WORK ITEM
Images should be left out, and everything else in the listing reproduced exactly.
START RECORDED DATA
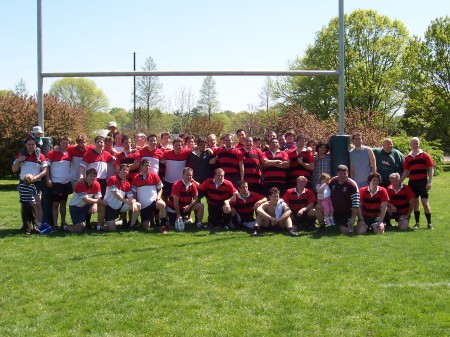 Swarthmore Rugby Alumni 25th Anniversary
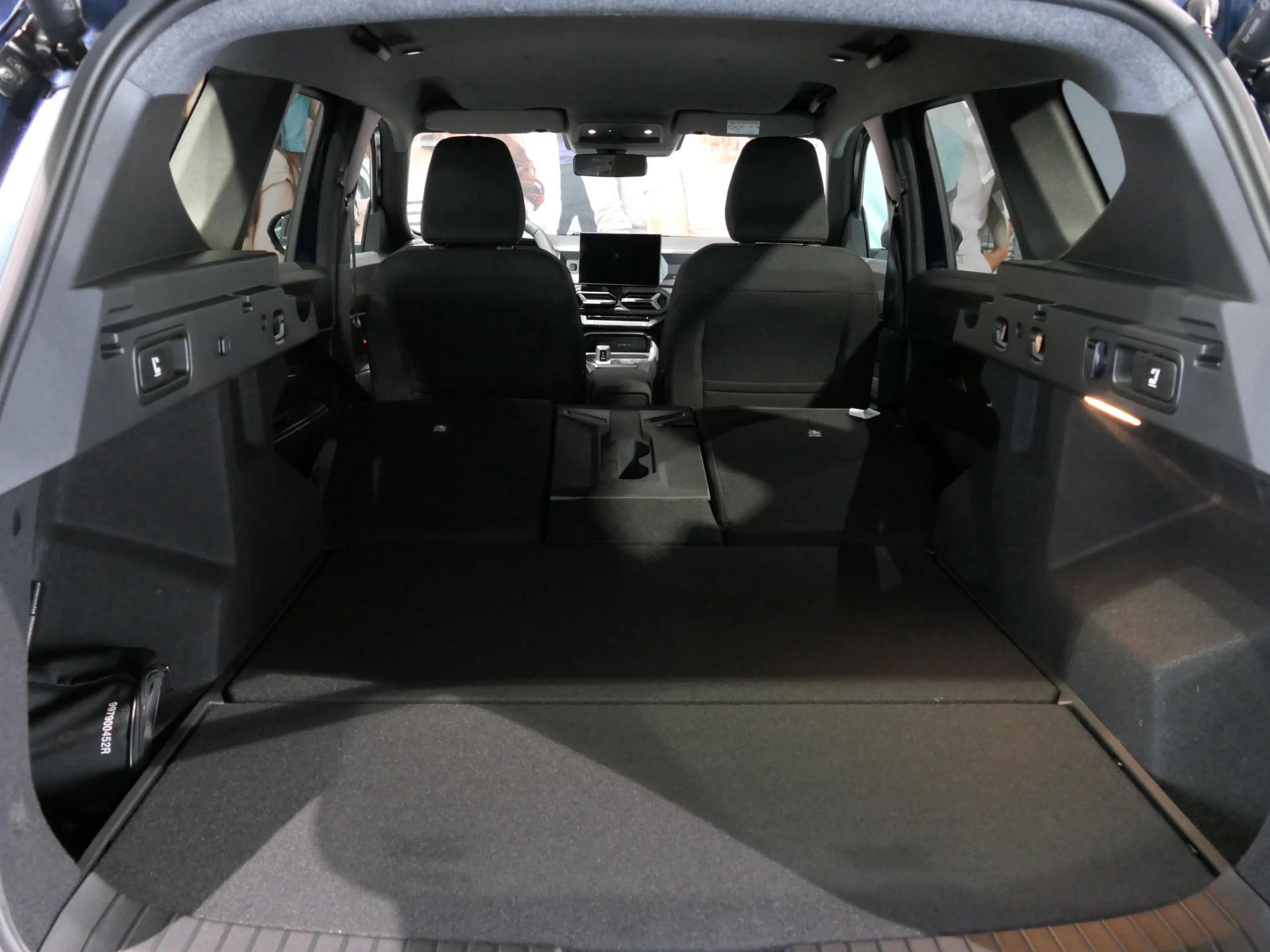 Hoofdafbeelding Dacia Bigster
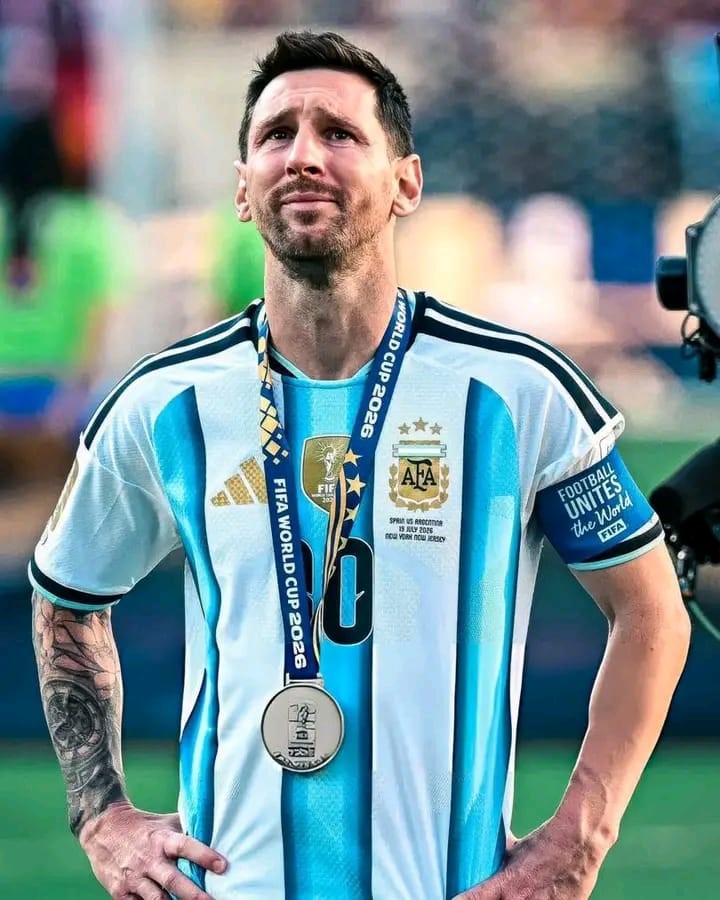 Suite au décès de son père : Lionel Messi met sa carrière entre parenthèse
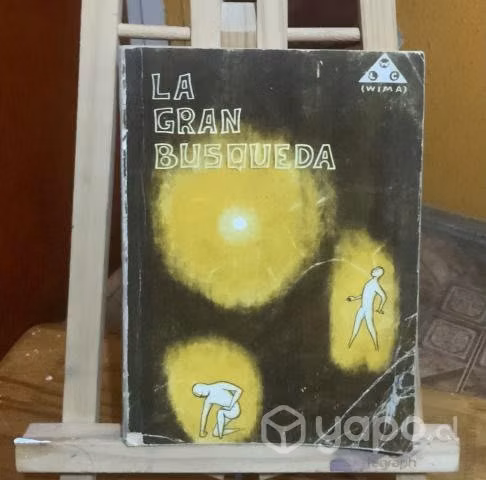 La Gran Búsqueda Wima 1977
END RECORDED DATA
COMPLETED EXERCISE
 Swarthmore Rugby Alumni 25th Anniversary
 Hoofdafbeelding Dacia Bigster
 Suite au décès de son père : Lionel Messi met sa carrière entre parenthèse
 La Gran Búsqueda Wima 1977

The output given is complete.